We just upgrade our bare metal cluster from v1.10.11 to v1.11.10, I'm not sure if it is relative.
apiVersion: v1
kind: Pod
metadata:
labels:
app: jimmy-test-label
name: jimmy-test-1
namespace: default
spec:
containers:
image: ngc/nvidia/tensorflow-18.12-py3-v1:latest
imagePullPolicy: Always
name: jimmy
ports:
- containerPort: 22
name: ssh
protocol: TCP
- containerPort: 8888
name: jupyter
protocol: TCP
resources:
limits:
cpu: "1"
memory: 1Gi
nvidia.com/gpu: "1"
requests:
cpu: "1"
memory: 1Gi
nvidia.com/gpu: "1"
terminationMessagePath: /dev/termination-log
terminationMessagePolicy: File
volumeMounts:
- mountPath: /var/run/secrets/kubernetes.io/serviceaccount
name: default-token-z6sl2
readOnly: true
tolerations:
- effect: NoExecute
key: node.kubernetes.io/not-ready
operator: Exists
tolerationSeconds: 300
- effect: NoExecute
key: node.kubernetes.io/unreachable
operator: Exists
tolerationSeconds: 300
apiVersion: v1
kind: Pod
metadata:
labels:
app: app
name: vdd9n
namespace: g62ss2
spec:
affinity:
nodeAffinity:
requiredDuringSchedulingIgnoredDuringExecution:
nodeSelectorTerms:
- matchExpressions:
- key: availability_zone
operator: DoesNotExist
containers:
image: ngc/nvidia/caffe2-18.08-py3-v1:latest
imagePullPolicy: Always
name: xxxxx
ports:
- containerPort: 22
name: ssh
protocol: TCP
- containerPort: 8888
name: jupyter
protocol: TCP
resources:
limits:
cpu: "16"
memory: 360Gi
nvidia.com/gpu: "4"
requests:
cpu: "16"
memory: 360Gi
nvidia.com/gpu: "4"
terminationMessagePath: /dev/termination-log
terminationMessagePolicy: File
dnsPolicy: ClusterFirst
restartPolicy: Always
schedulerName: default-scheduler
securityContext: {}
serviceAccount: default
serviceAccountName: default
terminationGracePeriodSeconds: 30
tolerations:
- effect: NoExecute
key: node.kubernetes.io/not-ready
operator: Exists
tolerationSeconds: 300
- effect: NoExecute
key: node.kubernetes.io/unreachable
operator: Exists
tolerationSeconds: 300
Having same issue. Any updates on this?
@RakeshRaj97 since this issue is quite old, could you provide information on the version of the device plugin you are running and as well as example podspecs.

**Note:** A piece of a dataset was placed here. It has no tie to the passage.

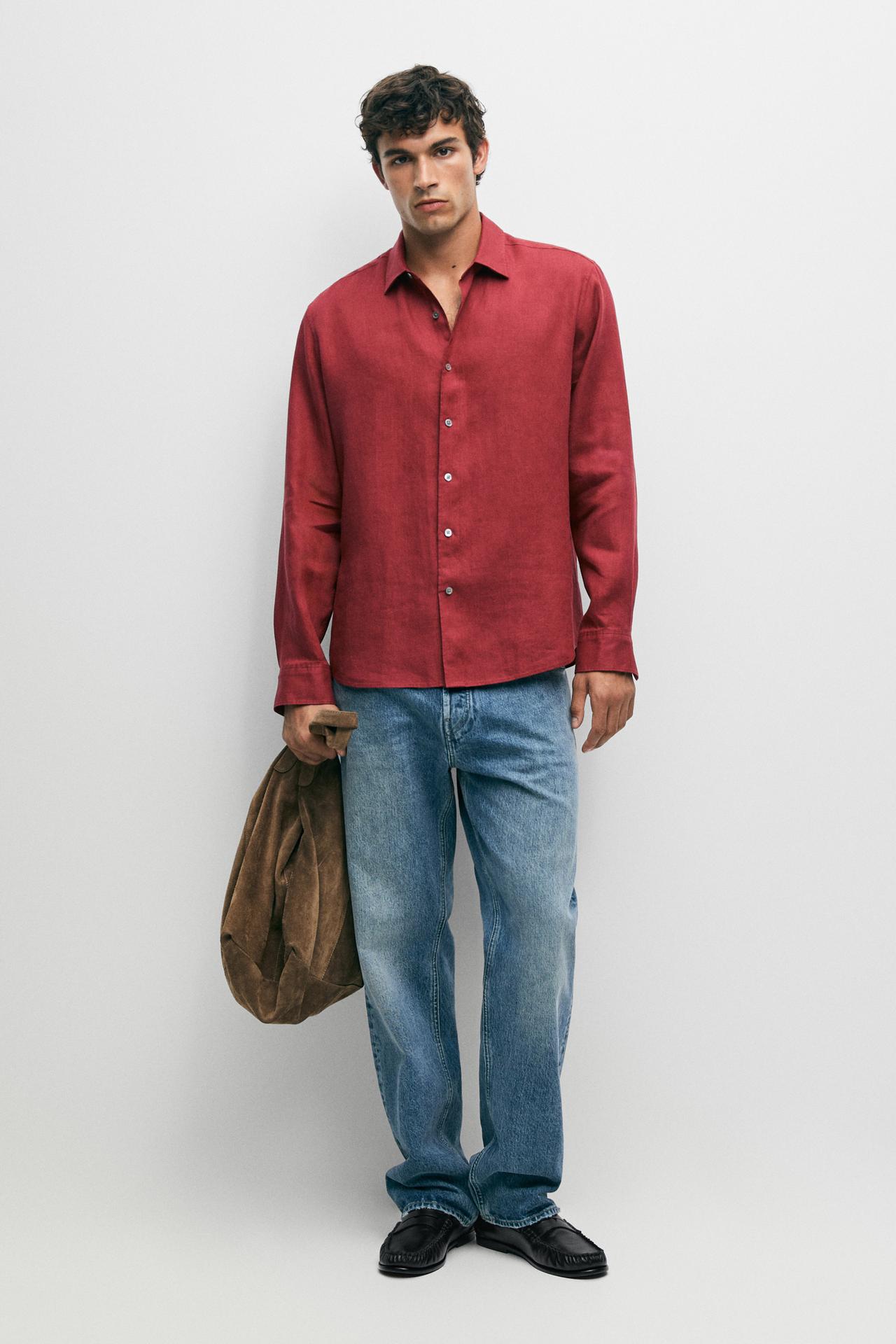 Regular fit 100% linen shirt — RED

I got this fixed. In my case the error was in the YAML config file where I specified resources field twice.
resources:
limits:
nvidia.com/gpu: 1
resources:
limits:
cpu: "16"
memory: 30Gi
requests:
cpu: "16"
memory: 30Gi
The script picked the latter and ignored the first.
This issue is stale because it has been open 90 days with no activity. This issue will be closed in 30 days unless new comments are made or the stale label is removed.
This issue was automatically closed due to inactivity.